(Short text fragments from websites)

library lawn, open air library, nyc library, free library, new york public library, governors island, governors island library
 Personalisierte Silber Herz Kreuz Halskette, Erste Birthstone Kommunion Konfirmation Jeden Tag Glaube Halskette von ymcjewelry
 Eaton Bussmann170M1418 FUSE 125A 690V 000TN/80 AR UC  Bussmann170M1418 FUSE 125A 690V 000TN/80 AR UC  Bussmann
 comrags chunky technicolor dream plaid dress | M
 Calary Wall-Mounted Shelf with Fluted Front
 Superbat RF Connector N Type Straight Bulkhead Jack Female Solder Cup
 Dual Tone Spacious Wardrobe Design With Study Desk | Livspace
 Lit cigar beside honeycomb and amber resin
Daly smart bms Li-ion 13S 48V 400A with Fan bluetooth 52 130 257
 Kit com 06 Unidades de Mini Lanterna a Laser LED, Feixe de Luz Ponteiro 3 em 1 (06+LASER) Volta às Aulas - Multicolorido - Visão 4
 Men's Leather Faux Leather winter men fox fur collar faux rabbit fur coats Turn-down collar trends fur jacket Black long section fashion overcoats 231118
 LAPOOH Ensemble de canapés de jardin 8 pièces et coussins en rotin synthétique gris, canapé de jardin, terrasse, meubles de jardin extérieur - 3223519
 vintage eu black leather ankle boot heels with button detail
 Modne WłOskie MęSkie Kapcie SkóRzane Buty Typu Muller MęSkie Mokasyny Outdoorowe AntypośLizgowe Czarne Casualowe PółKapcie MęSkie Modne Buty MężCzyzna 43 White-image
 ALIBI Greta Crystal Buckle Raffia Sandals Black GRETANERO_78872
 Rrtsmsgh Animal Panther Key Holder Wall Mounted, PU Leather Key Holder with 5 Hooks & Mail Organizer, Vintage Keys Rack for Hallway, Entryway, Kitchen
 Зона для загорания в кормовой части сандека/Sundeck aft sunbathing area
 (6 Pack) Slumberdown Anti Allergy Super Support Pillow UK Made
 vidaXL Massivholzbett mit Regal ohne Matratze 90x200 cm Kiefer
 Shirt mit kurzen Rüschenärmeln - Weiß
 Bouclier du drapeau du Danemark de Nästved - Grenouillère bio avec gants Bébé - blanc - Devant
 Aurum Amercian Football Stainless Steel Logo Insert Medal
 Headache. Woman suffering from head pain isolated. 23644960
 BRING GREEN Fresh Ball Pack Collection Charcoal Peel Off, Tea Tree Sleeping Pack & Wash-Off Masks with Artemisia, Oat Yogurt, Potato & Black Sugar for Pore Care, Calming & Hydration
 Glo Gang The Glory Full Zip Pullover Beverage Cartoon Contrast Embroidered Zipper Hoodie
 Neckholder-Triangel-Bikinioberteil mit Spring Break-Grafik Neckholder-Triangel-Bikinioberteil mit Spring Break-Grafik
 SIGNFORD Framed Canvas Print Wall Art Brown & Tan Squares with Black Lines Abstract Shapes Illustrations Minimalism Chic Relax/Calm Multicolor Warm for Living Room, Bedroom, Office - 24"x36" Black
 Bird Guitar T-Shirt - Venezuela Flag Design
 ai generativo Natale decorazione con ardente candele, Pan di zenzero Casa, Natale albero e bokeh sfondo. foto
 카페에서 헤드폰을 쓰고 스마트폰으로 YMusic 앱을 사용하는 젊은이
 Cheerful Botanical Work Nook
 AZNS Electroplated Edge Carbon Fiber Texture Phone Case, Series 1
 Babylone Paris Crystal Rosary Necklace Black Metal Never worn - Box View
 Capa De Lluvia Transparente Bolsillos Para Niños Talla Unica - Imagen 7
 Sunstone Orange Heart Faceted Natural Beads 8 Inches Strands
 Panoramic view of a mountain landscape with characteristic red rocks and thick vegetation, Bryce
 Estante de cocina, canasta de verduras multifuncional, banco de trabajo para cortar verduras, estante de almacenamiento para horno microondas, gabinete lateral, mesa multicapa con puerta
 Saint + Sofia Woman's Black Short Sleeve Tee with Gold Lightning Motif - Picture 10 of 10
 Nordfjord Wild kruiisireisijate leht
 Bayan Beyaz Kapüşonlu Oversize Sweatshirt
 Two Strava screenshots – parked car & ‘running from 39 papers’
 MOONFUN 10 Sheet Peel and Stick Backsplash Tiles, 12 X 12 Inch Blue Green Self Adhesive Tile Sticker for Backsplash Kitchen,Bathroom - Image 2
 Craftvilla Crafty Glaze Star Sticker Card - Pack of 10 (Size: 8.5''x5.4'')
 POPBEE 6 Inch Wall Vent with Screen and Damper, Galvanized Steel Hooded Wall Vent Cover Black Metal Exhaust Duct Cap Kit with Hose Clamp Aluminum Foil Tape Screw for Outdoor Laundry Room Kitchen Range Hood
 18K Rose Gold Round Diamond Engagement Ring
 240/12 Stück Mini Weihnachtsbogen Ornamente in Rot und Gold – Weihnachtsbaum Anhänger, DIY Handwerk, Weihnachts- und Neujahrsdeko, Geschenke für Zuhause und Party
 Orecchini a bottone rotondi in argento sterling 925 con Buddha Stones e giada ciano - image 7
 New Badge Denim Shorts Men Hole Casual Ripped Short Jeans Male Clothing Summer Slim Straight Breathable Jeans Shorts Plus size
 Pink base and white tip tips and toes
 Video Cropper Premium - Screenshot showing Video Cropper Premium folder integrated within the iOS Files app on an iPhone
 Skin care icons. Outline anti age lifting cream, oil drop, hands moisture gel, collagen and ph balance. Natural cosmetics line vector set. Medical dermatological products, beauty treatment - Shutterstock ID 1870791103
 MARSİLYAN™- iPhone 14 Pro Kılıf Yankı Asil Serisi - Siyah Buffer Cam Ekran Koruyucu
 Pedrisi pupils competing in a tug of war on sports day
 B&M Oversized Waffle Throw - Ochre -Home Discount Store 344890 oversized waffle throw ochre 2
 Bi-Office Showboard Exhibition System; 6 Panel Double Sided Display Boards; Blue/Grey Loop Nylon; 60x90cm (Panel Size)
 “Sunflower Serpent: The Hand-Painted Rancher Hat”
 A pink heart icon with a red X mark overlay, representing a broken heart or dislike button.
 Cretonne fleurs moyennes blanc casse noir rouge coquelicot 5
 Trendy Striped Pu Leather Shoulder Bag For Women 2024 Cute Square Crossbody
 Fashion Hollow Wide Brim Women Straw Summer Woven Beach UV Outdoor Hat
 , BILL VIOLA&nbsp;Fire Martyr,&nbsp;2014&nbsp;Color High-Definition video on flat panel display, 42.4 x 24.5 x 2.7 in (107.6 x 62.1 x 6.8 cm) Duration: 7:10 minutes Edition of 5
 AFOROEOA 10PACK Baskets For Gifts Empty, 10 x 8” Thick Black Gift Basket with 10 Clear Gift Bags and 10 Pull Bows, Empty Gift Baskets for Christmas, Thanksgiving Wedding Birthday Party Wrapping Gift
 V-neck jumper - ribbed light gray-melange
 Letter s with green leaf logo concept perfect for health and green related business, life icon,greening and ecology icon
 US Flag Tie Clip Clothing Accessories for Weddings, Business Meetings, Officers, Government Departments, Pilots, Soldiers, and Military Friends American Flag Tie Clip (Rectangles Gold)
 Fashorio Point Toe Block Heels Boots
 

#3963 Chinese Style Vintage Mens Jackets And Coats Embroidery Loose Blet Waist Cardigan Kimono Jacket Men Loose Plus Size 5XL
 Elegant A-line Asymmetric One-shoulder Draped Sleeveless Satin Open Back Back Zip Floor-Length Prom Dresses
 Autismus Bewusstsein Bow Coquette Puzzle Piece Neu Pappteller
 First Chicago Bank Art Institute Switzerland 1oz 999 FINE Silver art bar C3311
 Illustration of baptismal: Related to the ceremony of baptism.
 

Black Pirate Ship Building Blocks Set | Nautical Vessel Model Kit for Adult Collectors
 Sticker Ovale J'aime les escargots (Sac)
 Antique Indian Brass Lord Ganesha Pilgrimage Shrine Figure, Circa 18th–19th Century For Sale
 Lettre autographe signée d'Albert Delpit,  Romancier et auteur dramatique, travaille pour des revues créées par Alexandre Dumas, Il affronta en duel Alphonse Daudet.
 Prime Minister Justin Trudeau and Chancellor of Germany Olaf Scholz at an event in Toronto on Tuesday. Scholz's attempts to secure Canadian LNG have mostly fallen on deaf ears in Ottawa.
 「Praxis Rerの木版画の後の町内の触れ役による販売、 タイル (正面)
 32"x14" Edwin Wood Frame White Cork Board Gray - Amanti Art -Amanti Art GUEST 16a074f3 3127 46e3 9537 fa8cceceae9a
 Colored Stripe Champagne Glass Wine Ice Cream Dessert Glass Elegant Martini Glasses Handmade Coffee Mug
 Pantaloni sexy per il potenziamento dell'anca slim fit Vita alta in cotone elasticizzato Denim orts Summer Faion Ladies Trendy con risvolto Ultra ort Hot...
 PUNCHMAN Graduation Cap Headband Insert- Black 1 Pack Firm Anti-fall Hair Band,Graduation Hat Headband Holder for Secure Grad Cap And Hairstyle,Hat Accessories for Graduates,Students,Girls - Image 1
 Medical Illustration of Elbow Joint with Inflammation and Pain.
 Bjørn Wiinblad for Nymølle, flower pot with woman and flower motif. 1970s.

What is expected>
Show me every line in the data above that includes "Natural".

Exercise output>
 Sunstone Orange Heart Faceted Natural Beads 8 Inches Strands
 Skin care icons. Outline anti age lifting cream, oil drop, hands moisture gel, collagen and ph balance. Natural cosmetics line vector set. Medical dermatological products, beauty treatment - Shutterstock ID 1870791103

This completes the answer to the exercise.